MOV02658 by https://www.flickr.com/photos/[email protected]/


----------



## Devils Chariot (May 23, 2007)

Sweeeeet! Looks great spooky1!


----------



## randomr8 (Oct 24, 2009)

Nice movement.


----------



## dynoflyer (Oct 8, 2006)

Nice job Spooky1! It's great to know it can be done with the little $3 motor, too. The dayton motor that runs mine can be heard all over the house. It gets kinda annoying after 5 years


----------



## PirateLady (Jul 23, 2010)

Great Job!!!!


----------



## morbidmike (Sep 11, 2009)

awesome looking Spooky1 I totally did the black light well done


----------



## weaz (Sep 11, 2010)

I really like the look of the fingers. It gives it an even creepier look than I've seen before.


----------



## Bethene (Jan 19, 2008)

looking good, I need to get finishing mine too!,


----------



## IMU (Apr 8, 2009)

Very cool FCG!


----------



## fick209 (Aug 31, 2009)

Awesome FCG! Now if you just hand it over to me, I can cross that project off of my list for this year


----------



## Spooky1 (Aug 25, 2008)

fick209 said:


> Awesome FCG! Now if you just hand it over to me, I can cross that project off of my list for this year


I don't think it would fit in your luggage when you visit.


----------



## Dark Angel 27 (Sep 11, 2008)

:lolkin: It looks just awesome! The dye really made a huge difference! But then, I expect nothing less from masters like you and roxy!


----------



## phil121 (Sep 14, 2010)

Awesome job on the fcg spooky1, Your right about the whitener it really does make a difference.

Awesome job once again.


----------



## heresjohnny (Feb 15, 2006)

Dark Angel 27 said:


> :lolkin: It looks just awesome! The dye really made a huge difference! But then, I expect nothing less from masters like you and roxy!

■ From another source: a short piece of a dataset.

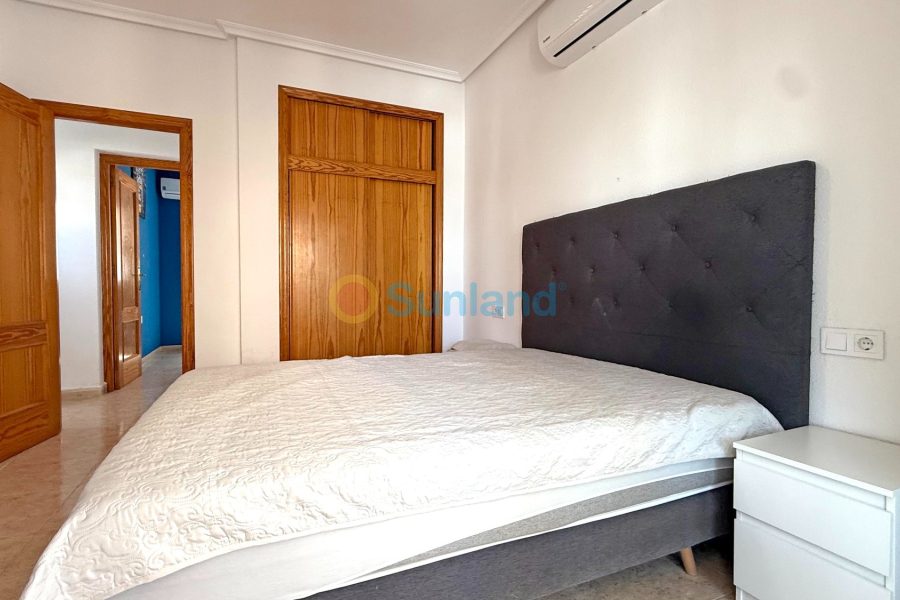 Resale - Villa - Orihuela Costa - Villamartin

FYI you need to use RIT whitner, not ROT dye.


----------



## hpropman (Jul 27, 2008)

great job spooky1!


----------



## Spooky1 (Aug 25, 2008)

Finally put the FCG in a bedroom window for Halloween.

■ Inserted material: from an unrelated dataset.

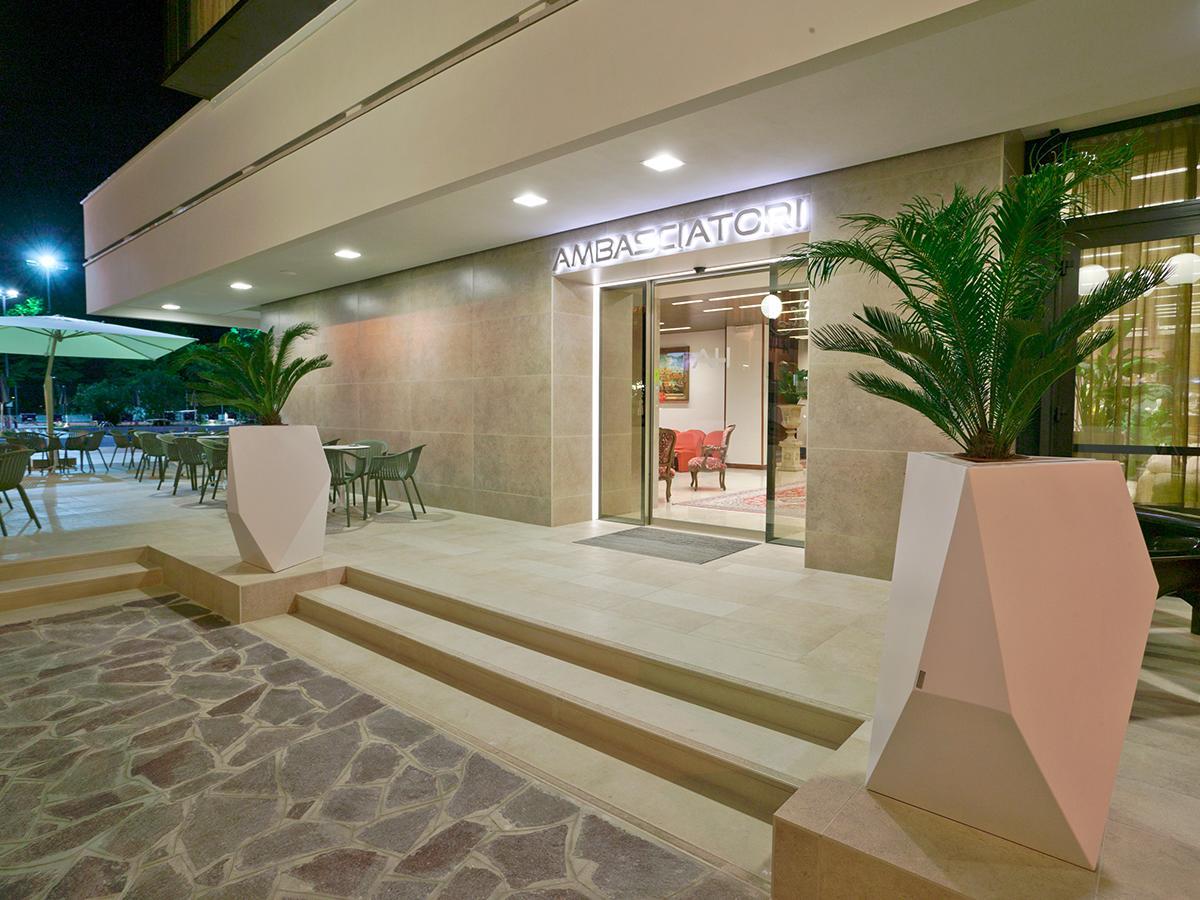 Hotel Ambasciatori Чезенатико Экстерьер фото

DSC02937 by https://www.flickr.com/photos/[email protected]/

Video:

MOV02941 by https://www.flickr.com/photos/[email protected]/


----------



## RoxyBlue (Oct 6, 2008)

The lit eyes on this guy remind me of the Morlocks from the original Time Machine movie


----------



## hpropman (Jul 27, 2008)

Hey that a good looking FCG great movement.


----------



## Spooklights (Jul 4, 2006)

Now that's creepy. I like it!


----------



## spidermonkey (Jul 29, 2008)

Looks great. 

Inspires me to finish mine.


----------



## Glyphen2010 (Aug 30, 2010)

nice professional undertaking of a classic!


----------



## beelce (Jul 21, 2007)

Oh yes Spooky....Nice job


----------



## Spooky1 (Aug 25, 2008)

Had the line to the head break last night. Guess I'll be fixing that tonight when I get home from work. Maybe I'll add a little Vaseline to the eye bolt (someone here on the forum mentioned that in a thread somewhere), to see if that cuts down the friction.

Edit: The line to the head broke a second time on me. I'm now using a pulley for the line to the head. It made it through Halloween night with no more problems.


----------



## punkin (Oct 28, 2010)

That is great! I'm adding that to my list of winter projects


----------